Up until then, I always spent my time creating, making, sewing and playing of course; though making was playing for me too!  I also used to somersault off my climbing frame by my legs! My Uncle Bill taught and encouraged me to take risks. This memory always amazes me! Today, I can barely touch my toes!!!


My Aunty Gladys taught me how to knit around the age of 11.  After a few Dr Who scarves, I knitted clothes for my Sindy doll.  Then for myself.


I went to a Secondary Modern School. Hartland Comprehensive School. I loved it!

Age 12 “There has been a good response from Tracy to all aspects of the work in this subject. Her design, practical and written work are all of a high standard.” [Mr Snowball – metalwork teacher].

Age 12 “Tracy is a very creative pupil who uses art media with skill and confidence. Her drawing ability is quite well developed. All this talent she puts to very good use as she always works very hard.” [Mr Barney - art teacher].

Age 14 “She has shown a flair for this subject producing work which is imaginative and of a high technical standard. I hope she will continue to take an interest in this subject in the future.” [Mr McGuiness - pottery teacher].

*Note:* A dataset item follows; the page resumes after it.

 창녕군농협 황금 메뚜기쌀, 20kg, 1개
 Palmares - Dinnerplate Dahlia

Age 14 “She is most capable and shows skill in this subject.” [Mrs Draycott - needlecraft teacher].

Mr McGuiness suggested I study 'O' level ceramics.  It was additional to my A level subjects (English Literature and Language, Art and Design and History).  I was the only student who sat this exam.  In a hall all on my own.  It was the only secondary school qualification I got grade A for.  He saw I had talent in a very specific area of the arts and encouraged me.  I dreamt of having my own ceramic studio, and began to design my own pots. What vision at such an age and this astounds me to this day!


Despite this, however, I only secured a Grade C at both O level and A level in Art and Design, even though my practice averaged B/A throughout my courses.  Examinations I never really excelled at, until adulthood when experience and confidence and maturity and tutors combined to support me.

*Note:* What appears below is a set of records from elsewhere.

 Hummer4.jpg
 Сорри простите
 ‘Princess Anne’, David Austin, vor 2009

I was dissuaded from following a career in the Visual Arts by my Secondary School Careers Advisor.  I cannot remember her name.  I was also interested in fasion at that time.  Like a lot of teenage girls.  The year was 1987.  An expressive time in fashion! It wasn't a 'safe' job if I didn't think I was THE BEST. Perhaps I should've been a bit more assertive, but I lacked that kind of confidence or 'know-how'.

“The problem is how to remain an artist once we grow up...”

So I trained to become a primary school teacher instead...and I choose Art and Design as my subject specialism. I developed further skills in drawing, painting, printmaking, photography, ceramics and eventually focused on Sculpture and Film (Media).  I graduated with a Second Class Honours Bachelor of Education Degree - Division 1.  I was really proud of my achievements and enjoyed my college years. I have always liked school, I have always enjoyed learning.

Since 1992, my work in primary education has been based on a passion for encouraging children to push boundaries in all areas of learning. By not taking away their control, children develop creativity, independence and thinking skills that can continue to serve them in their own lives. By being a little less prescriptive, children can flourish, with a little more freedom and a lot more responsibility.


So, Running loose is a very good feeling and, at times, embracing this is wholesome, healthy and liberating and good for the soul. Children do it so well! In my work with adults, I encourage this too.